──────── Stored data ────────

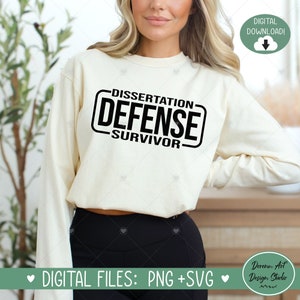 May include: A white sweatshirt with black text that reads "Dissertation Defense Survivor".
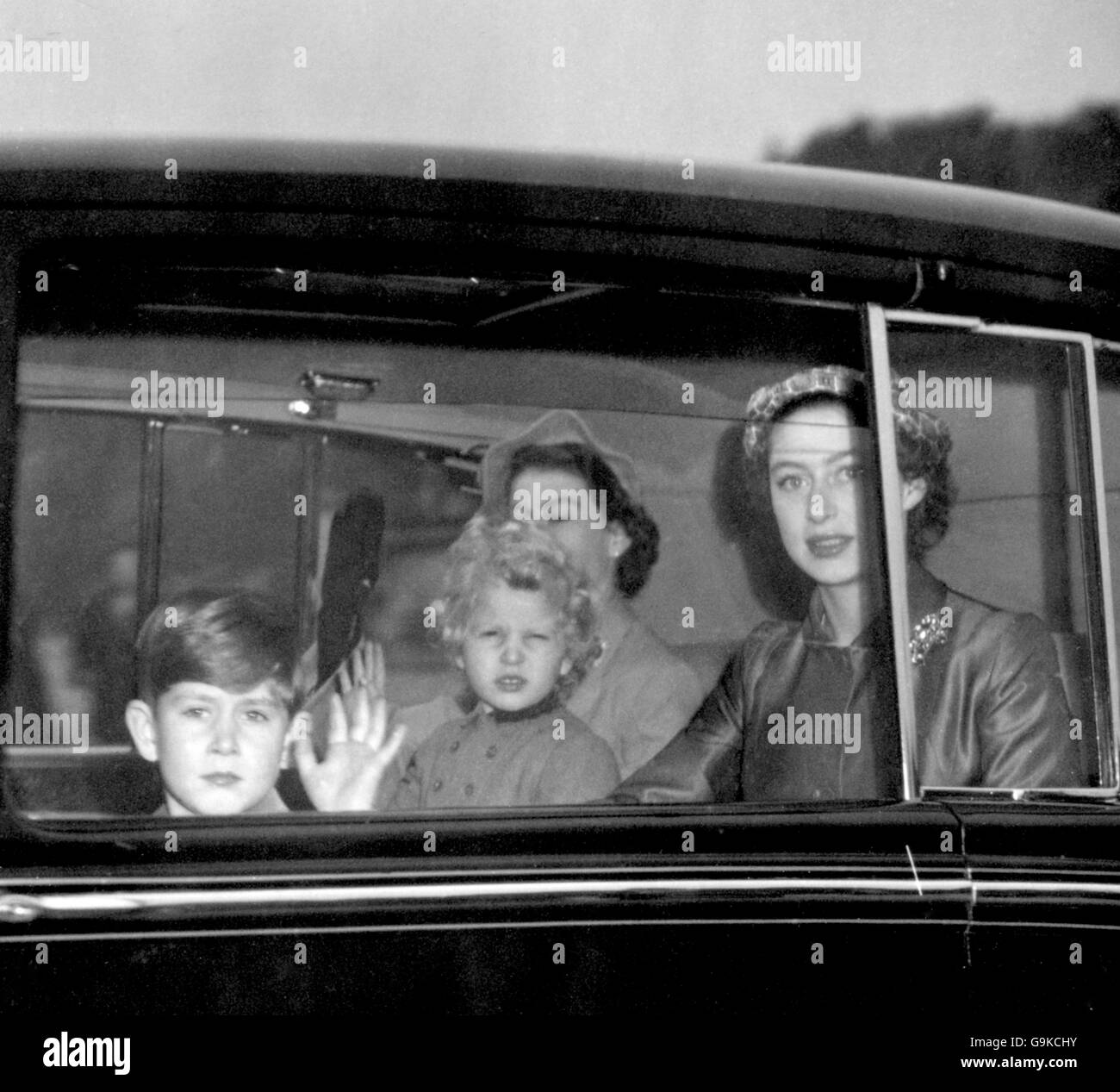 Prince Charles and Princess Anne rise their hands in salute to the crowd waiting to welcome them as they drove with their mother, the Queen, and aunt, Princess Margaret into Buckingham Palace on the Royal family's return from holiday at Balmoral. Stock Photo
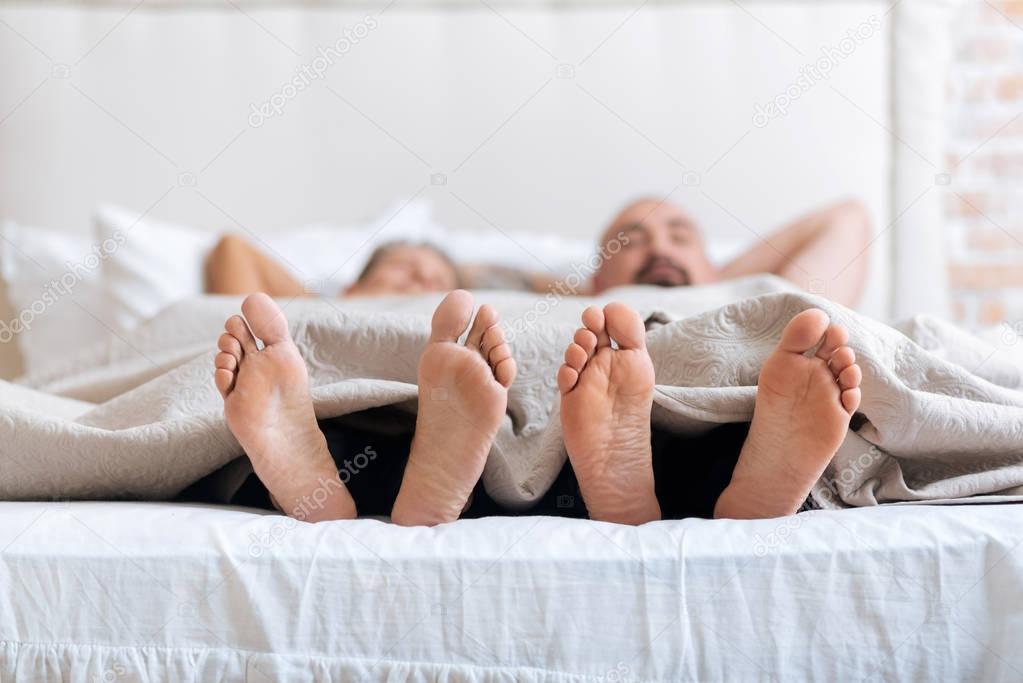 Pleasant non-traditional couple showing their feet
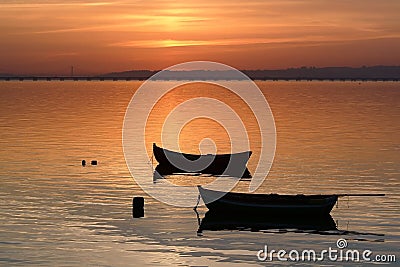 Two boats at sunset Stock Photo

────────

## Task directions
Starting at the first line of the listing above, write out each line exactly and nothing else until you reach the line containing "Pleasant non-traditional couple", which is included as well; omit all pictures.

## Task solution
 May include: A white sweatshirt with black text that reads "Dissertation Defense Survivor".
 Prince Charles and Princess Anne rise their hands in salute to the crowd waiting to welcome them as they drove with their mother, the Queen, and aunt, Princess Margaret into Buckingham Palace on the Royal family's return from holiday at Balmoral. Stock Photo
 Pleasant non-traditional couple showing their feet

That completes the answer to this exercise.